Description of the task:
Your answer should repeat every record verbatim.

****

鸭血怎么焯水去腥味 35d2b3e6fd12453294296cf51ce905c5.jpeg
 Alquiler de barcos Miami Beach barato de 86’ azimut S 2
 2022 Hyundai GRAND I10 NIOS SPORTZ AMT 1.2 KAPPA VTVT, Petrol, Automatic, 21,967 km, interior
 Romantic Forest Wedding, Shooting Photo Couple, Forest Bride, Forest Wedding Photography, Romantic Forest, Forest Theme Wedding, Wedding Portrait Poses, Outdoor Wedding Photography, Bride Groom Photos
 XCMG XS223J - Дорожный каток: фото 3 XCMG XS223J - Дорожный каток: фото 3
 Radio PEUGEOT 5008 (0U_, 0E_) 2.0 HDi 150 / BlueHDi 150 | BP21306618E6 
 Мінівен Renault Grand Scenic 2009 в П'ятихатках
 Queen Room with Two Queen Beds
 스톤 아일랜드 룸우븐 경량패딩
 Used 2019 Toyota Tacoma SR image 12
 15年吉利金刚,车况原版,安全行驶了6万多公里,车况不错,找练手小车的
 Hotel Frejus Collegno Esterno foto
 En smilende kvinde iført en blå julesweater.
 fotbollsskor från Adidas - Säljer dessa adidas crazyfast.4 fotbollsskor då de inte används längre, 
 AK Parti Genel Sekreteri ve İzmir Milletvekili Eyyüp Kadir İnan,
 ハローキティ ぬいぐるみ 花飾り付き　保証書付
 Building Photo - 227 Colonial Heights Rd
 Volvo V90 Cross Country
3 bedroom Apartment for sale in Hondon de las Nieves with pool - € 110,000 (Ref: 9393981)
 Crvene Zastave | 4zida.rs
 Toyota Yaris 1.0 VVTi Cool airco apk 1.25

****

Answer for the task:
鸭血怎么焯水去腥味 35d2b3e6fd12453294296cf51ce905c5.jpeg
 Alquiler de barcos Miami Beach barato de 86’ azimut S 2
 2022 Hyundai GRAND I10 NIOS SPORTZ AMT 1.2 KAPPA VTVT, Petrol, Automatic, 21,967 km, interior
 Romantic Forest Wedding, Shooting Photo Couple, Forest Bride, Forest Wedding Photography, Romantic Forest, Forest Theme Wedding, Wedding Portrait Poses, Outdoor Wedding Photography, Bride Groom Photos
 XCMG XS223J - Дорожный каток: фото 3 XCMG XS223J - Дорожный каток: фото 3
 Radio PEUGEOT 5008 (0U_, 0E_) 2.0 HDi 150 / BlueHDi 150 | BP21306618E6 
 Мінівен Renault Grand Scenic 2009 в П'ятихатках
 Queen Room with Two Queen Beds
 스톤 아일랜드 룸우븐 경량패딩
 Used 2019 Toyota Tacoma SR image 12
 15年吉利金刚,车况原版,安全行驶了6万多公里,车况不错,找练手小车的
 Hotel Frejus Collegno Esterno foto
 En smilende kvinde iført en blå julesweater.
 fotbollsskor från Adidas - Säljer dessa adidas crazyfast.4 fotbollsskor då de inte används längre, 
 AK Parti Genel Sekreteri ve İzmir Milletvekili Eyyüp Kadir İnan,
 ハローキティ ぬいぐるみ 花飾り付き　保証書付
 Building Photo - 227 Colonial Heights Rd
 Volvo V90 Cross Country
3 bedroom Apartment for sale in Hondon de las Nieves with pool - € 110,000 (Ref: 9393981)
 Crvene Zastave | 4zida.rs
 Toyota Yaris 1.0 VVTi Cool airco apk 1.25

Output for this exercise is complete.